→ ACTIVITY: The lines from the one containing "axlebrake setup 028" through the final line of the listing below are what the answer must repeat, exactly and only, leaving pictures out.

→ RECORDED DATA:
**********
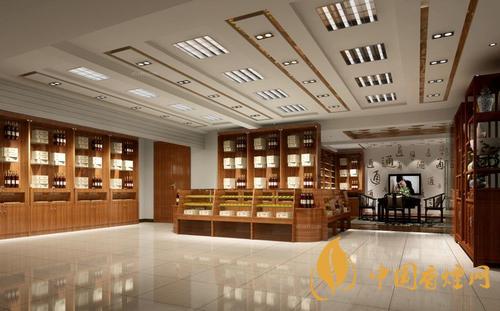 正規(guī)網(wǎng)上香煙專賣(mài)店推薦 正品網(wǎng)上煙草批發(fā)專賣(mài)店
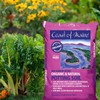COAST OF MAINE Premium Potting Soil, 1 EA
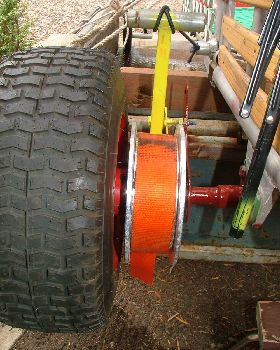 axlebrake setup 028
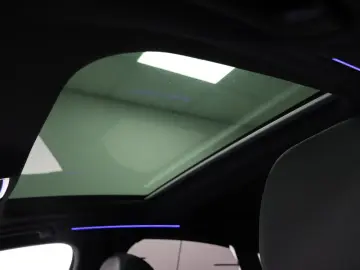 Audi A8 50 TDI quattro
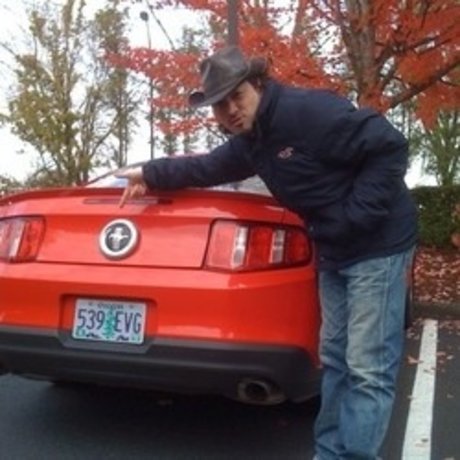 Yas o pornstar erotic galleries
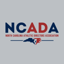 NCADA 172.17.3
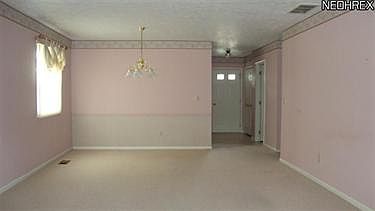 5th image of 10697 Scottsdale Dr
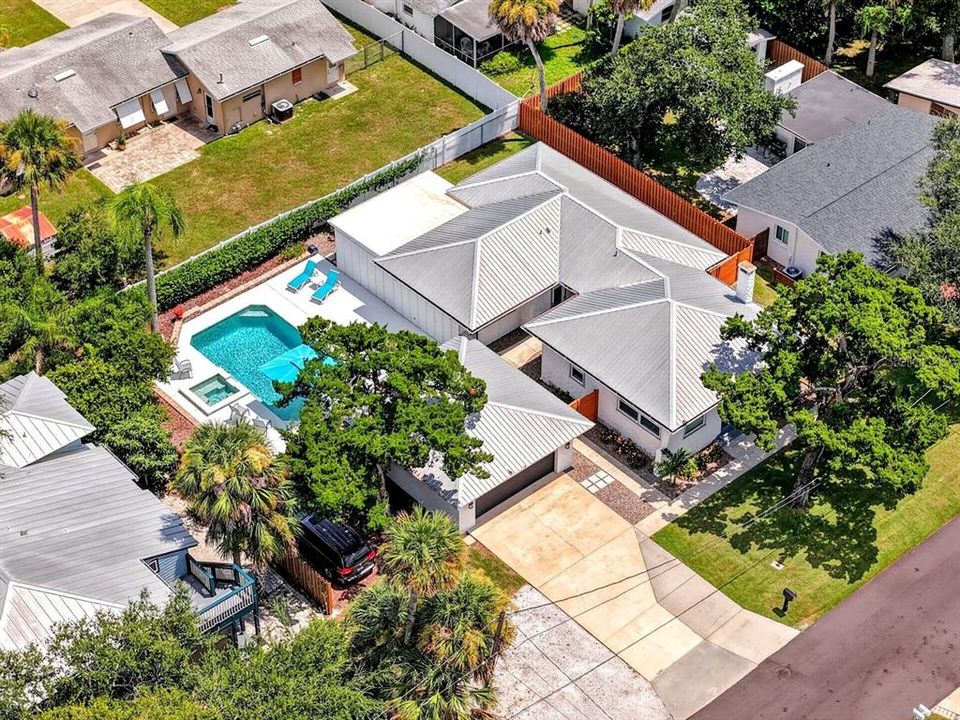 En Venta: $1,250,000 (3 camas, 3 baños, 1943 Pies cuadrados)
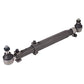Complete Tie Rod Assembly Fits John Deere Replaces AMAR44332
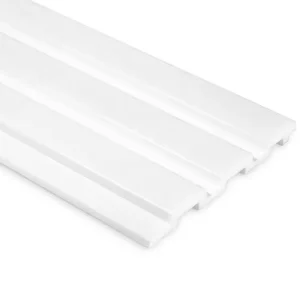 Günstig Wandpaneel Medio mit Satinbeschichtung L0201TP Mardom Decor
**********
→ EXERCISE RESULT:
 axlebrake setup 028
 Audi A8 50 TDI quattro
 Yas o pornstar erotic galleries
 NCADA 172.17.3
 5th image of 10697 Scottsdale Dr
 En Venta: $1,250,000 (3 camas, 3 baños, 1943 Pies cuadrados)
Complete Tie Rod Assembly Fits John Deere Replaces AMAR44332
 Günstig Wandpaneel Medio mit Satinbeschichtung L0201TP Mardom Decor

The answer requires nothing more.